I suggest you try some python course from Coursera or the brilliant Python Learning Path titled Linkedin Learning Python Essential Training. Click on the image below to start your 30 day trial.
First we define the
def histplot(df, listvar): fig, axes = plt.subplots(nrows=1, ncols=len(listvar), figsize=(20, 3)) counter=0 for ax in axes: df.hist(column=listvar[counter], bins=20, ax=axes[counter]) plt.ylabel('Price') plt.xlabel(listvar[counter]) counter = counter+1 plt.show()
Now we list the continuous variables and leave out the categorical variable. A continuous variable e.g. carat is one which has numerical values whereas a categorical variable is the one with alphanumeric values as categories e.g. clarity
linear_vars = df.select_dtypes(include=[np.number]).columns display(list(linear_vars))
[‘carat’, ‘depth’, ‘table’, ‘price’, ‘l’, ‘w’, ‘d’]
Now we plot the histogram
This revels the distribution of each property. As expected, we see that the data is not normally distributed. After all, how can you expect a 1 carat diamond to be priced just at twice the price of a half-carat given all properties remain the same, while a 1 carat diamond looks much bigger to the eye when in a ring or earrings for that matter than a half carat one.
Convert the features to log scale
One of the key steps in Machine learning process is to convert features having bimodal distribution to ones with BINOMIAL distribution.
1. Check for any ZERO value
Amongst features namely table, depth, l, w, d, check if any continuous variable has zero value. This results in a division by zero error when converted to log. Add a tiny number 0.01 to any zero value.
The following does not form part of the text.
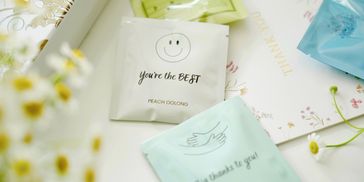 Tea packets with positive messages surrounded by flowers and a thank you card.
print(‘0 values →’, 0 in df.values) df[linear_vars] = df[linear_vars] + 0.01 print(‘Filled all 0 values with 0.01. Now any 0 values? →’, 0 in df.values)
The output is:
0 values --> True Filled all 0 values with 0.01. Now any 0 values? --> False
A fantastic highly rated Udemy course on Machine learning. Click the video below for 30-day money back guarantee
2. View and remove outliers using z-score
Since we could briefly sense some outliers in the pairplot charts, lets dwell deeper and see whether there genuinely are any outliers. Let’s first begin by printing top X values of each diamond
def sorteddf(df, listvar): for var in listvar: display('sorted by ' + var + ' --> ' + str(list(df[listvar].sort_values(by=var,ascending=False)[var].head())))
Output is like:
sorted by carat --> [5.02, 4.51, 4.14, 4.02, 4.02]' sorted by depth --> [79.01, 79.01, 78.21000000000001, 73.61, 72.91000000000001]' sorted by table --> [95.01, 79.01, 76.01, 73.01, 73.01]' sorted by price --> [21646.459999999995, 21640.709999999995, 21626.909999999996, 21624.609999999997, 21623.459999999995]' sorted by l --> [10.75, 10.24, 10.15, 10.03, 10.02]' sorted by w --> [58.91, 31.810000000000002, 10.549999999999999, 10.17, 10.11]' sorted by d --> [31.810000000000002, 8.07, 6.99, 6.7299999999999995, 6.4399999999999995]'
From this list itself, we see that there are some outliers for w,d. Lets visualize those using boxplots. Create a boxplot function
def dfboxplot(df, listvar): fig, axes = plt.subplots(nrows=1, ncols=len(listvar), figsize=(20, 3)) counter=0 for ax in axes: df.boxplot(column=listvar[counter], ax=axes[counter]) plt.ylabel('Price') plt.xlabel(listvar[counter]) counter = counter+1 plt.show()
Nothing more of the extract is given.